◆ Work to be completed
Give back the exact lines of the material below from the one containing "Joyful white young-adult" through the one containing "A mechanic polishes the headlights of a car.", and no pictures.

◆ Source records
┄┄┄┄┄┄┄┄┄┄

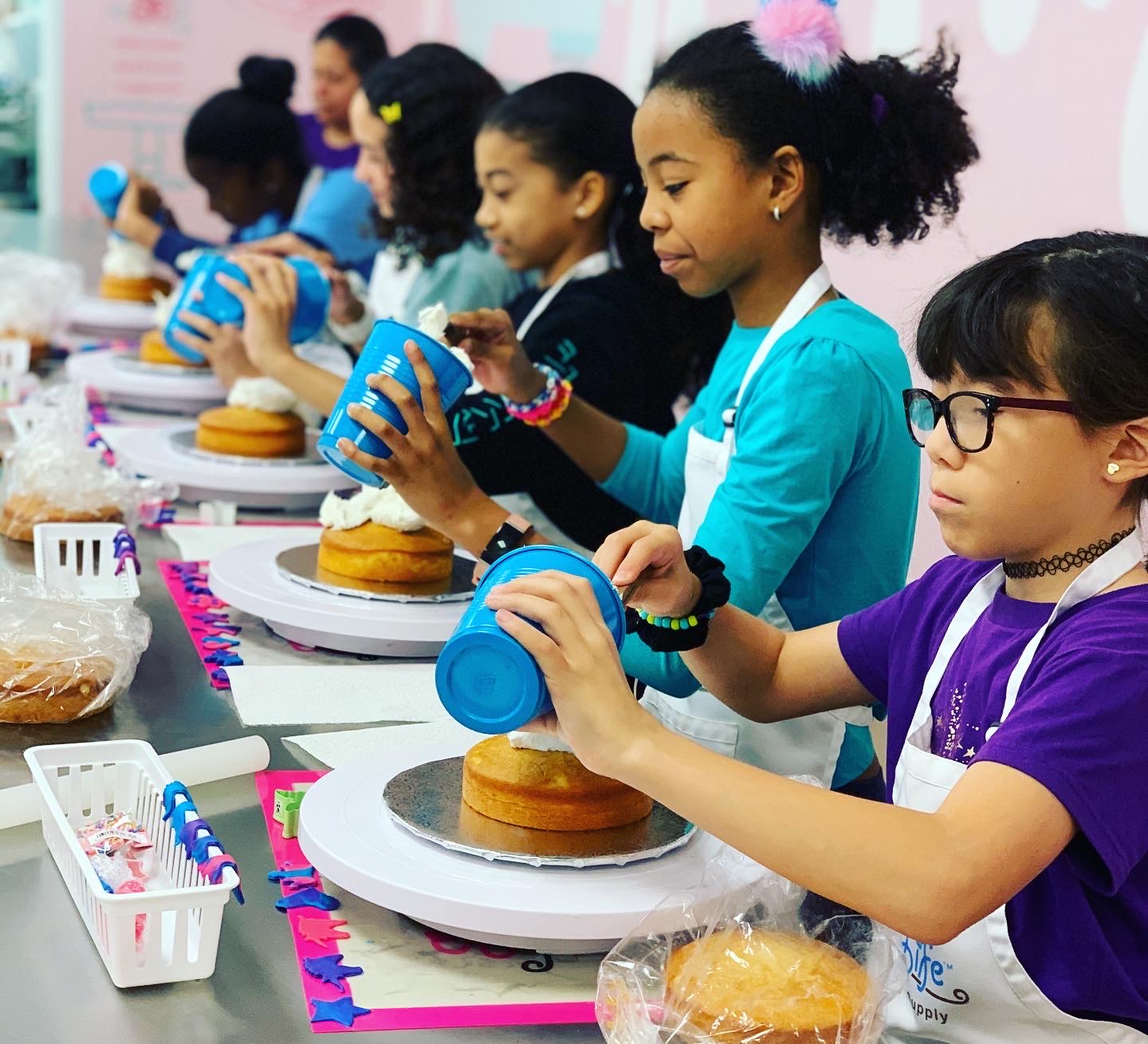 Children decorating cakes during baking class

┄┄┄┄┄┄┄┄┄┄

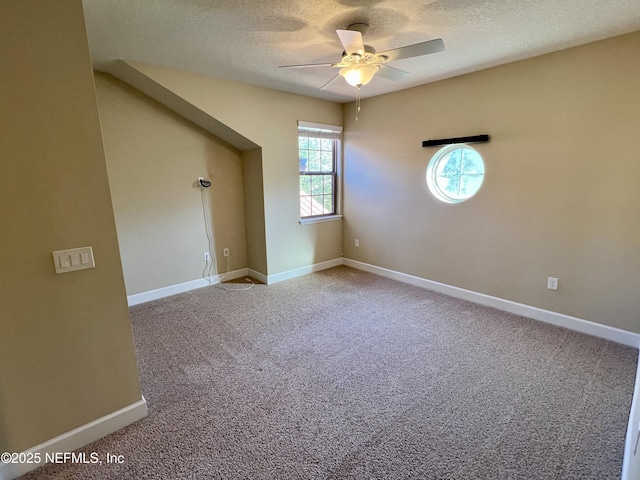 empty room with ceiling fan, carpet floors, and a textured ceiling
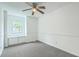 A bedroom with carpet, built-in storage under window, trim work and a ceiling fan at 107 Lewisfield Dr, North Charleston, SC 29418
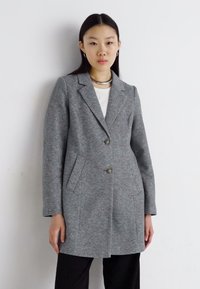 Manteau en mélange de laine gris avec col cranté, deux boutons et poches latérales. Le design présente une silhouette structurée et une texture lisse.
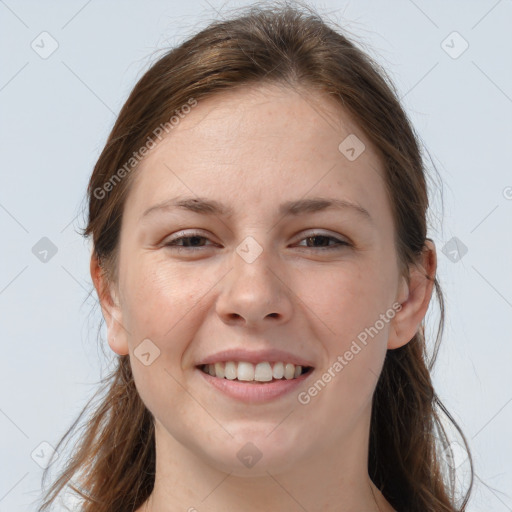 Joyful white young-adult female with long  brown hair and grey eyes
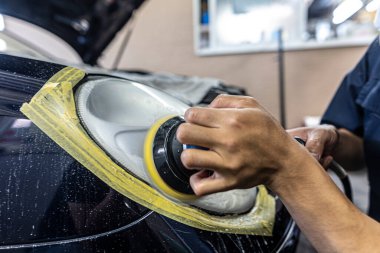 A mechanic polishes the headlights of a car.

┄┄┄┄┄┄┄┄┄┄

◆ Exercise result
 Joyful white young-adult female with long  brown hair and grey eyes
 A mechanic polishes the headlights of a car.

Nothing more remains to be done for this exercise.